Une fois le projet créé, on le met en œuvre : on pilote, une main sur le budget, une autre sur les indicateurs de performance. Rien à redire sur la démarche et sur la méthode, c’est archiconnu.
Ce qui l’est moins c’est la prise en compte de certaines conséquences. C’est ainsi que nous nous intéresserons ici aux risques liés à sa fonction première qui est celle de faire cohésion.
Le but d’un projet d’administration, hors la mise en exergue de politiques publiques particulières, est bien de donner un cadre, un socle à l’action des services. Tout le monde travaille autour des mêmes valeurs et d’un même but.
Ce qui est parfois négligé, c’est que les agents en charge de sa mise en œuvre, les membres des équipes de direction tout particulièrement, vont devoir porter ce projet d’administration. Et si toute la pédagogie nécessaire a été déployée pour leur expliquer les raisons et les bénéfices attendus de sa mise en oeuvre, il n’est pas rare cependant que sa réalisation soit minée en interne par de fortes résistances.
Dans ce cas, les coupables sont rapidement désignés : manque de flexibilité de quelques cadres préhistoriques, management d’un autre temps, culture de l’immobilisme du fonctionnaire, toutes les raisons plus ou moins objectives vont y passer. Il n’est pas rare qu’un bouc-émissaire soit aussi montré du doigt, responsable de tout et de l’inaction en particulier.
Sauf que… voilà. Ce n’est sans doute pas si simple.

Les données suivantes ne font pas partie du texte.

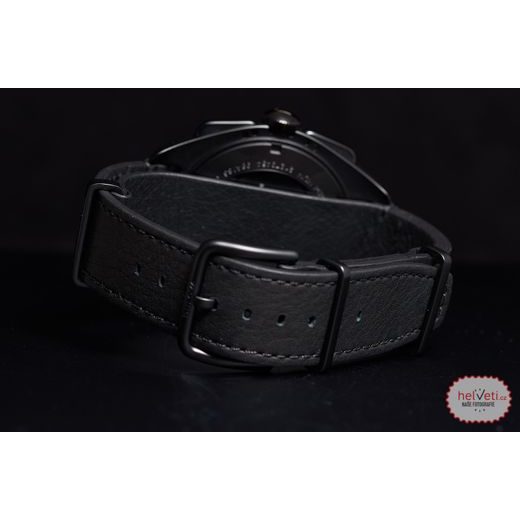 BULOVA 98A186 SPECIAL EDITION LUNAR PILOT CHRONOGRAPH WATCH - ARCHÍV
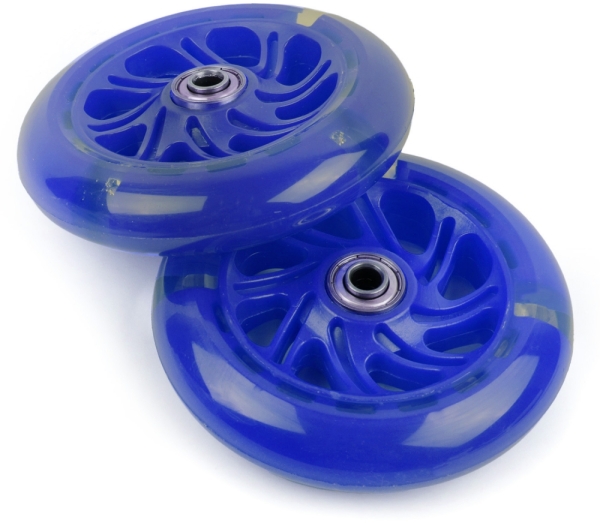 Дополнительные колеса Vinca Sport HRS 03 12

Dans ce cadre particulier, on évoquera la résistance, qui est un phénomène d’ordre psychique influant sur la capacité à mettre en œuvre une action qui modifie elle-même un comportement habituel. Le cadre soumis à cette résistance, n’est pas tant l’acteur de ce refus que sa victime.
Dans le pire des cas, il ne comprend pas pourquoi il résiste si ce n’est que la nouvelle situation ne lui plaît pas du tout !
Dans le meilleur des cas, il objective cette résistance en rationnalisant. C’est-à-dire qu’il explique rationnellement les raisons de son refus. D’un point de vue psychologique, la rationalisation se définit comme un procédé par lequel une personne va donner une explication logique, cohérente et parfois morale à une attitude qui lui est propre, mais qui en réalité le résultat d’un conflit défensif et inconscient.
« Il faut être ingénieur pour mettre ce truc en place… » ; « ceux qui ont pondu ça, n’ont aucun sens des réalités, ils ont perdu le contact avec le terrain ! » ; « je n’ai pas confiance en moi » ; « mon équipe n’est pas assez nombreuse » ; « ça marchait très bien comme ça avant » ; vous ne m’avez pas fourni le budget nécessaire » …
Pour faire simple, ce n’est pas tant le changement en lui-même qui pose problème et encore moins le projet d’administration en particulier, que la manière dont il résonne singulièrement (et inconsciemment) chez la personne qui doit le mettre en œuvre. Cette résonnance va « réveiller » un trauma, mettre à nue une angoisse, sans même que le dépositaire de cette angoisse ne s’en rende compte.
C’est dans ce cadre qu’intervient le coaching de cadres, en particulier si ce coaching se veut psychodynamique, c’est à dire s’il utilise certains des outils de la psychanalyse pour faire émerger ce qui résiste et potentiellement en réduire les interférences.
Dans tous les cas, ce qu’il faut retenir ici c’est que la pédagogie est nécessaire mais non suffisante. Faire oeuvre de pédagogie n’est pas toujours faire oeuvre de répétition devant des personnes qui ont parfaitement compris les raisons du projet d’administration. C’est souvent même faire insulte à leur intelligence. Cependant, tout le monde s’accorde à dire que quelque chose coince. Il faut donc faire quelque chose…
Tirer à boulets rouge sur les quelques encadrants qui ont du mal avec le changement ne réglera que le symptôme si j’ose dire, c’est-à-dire la partie émergée de l’iceberg. En revanche comprendre ce qui motive profondément leur résistance pourra fournir matière à une saine interrogation sur leurs habitudes de travail.
Pour cette raison, toute modification substantielle de l’organisation de la structure devrait s’accompagner, non seulement de la pédagogie nécessaire mais encore de séances de coaching collective et individuelle qui permettront à chacun de se positionner au mieux dans ce nouvel agencement organisationnel.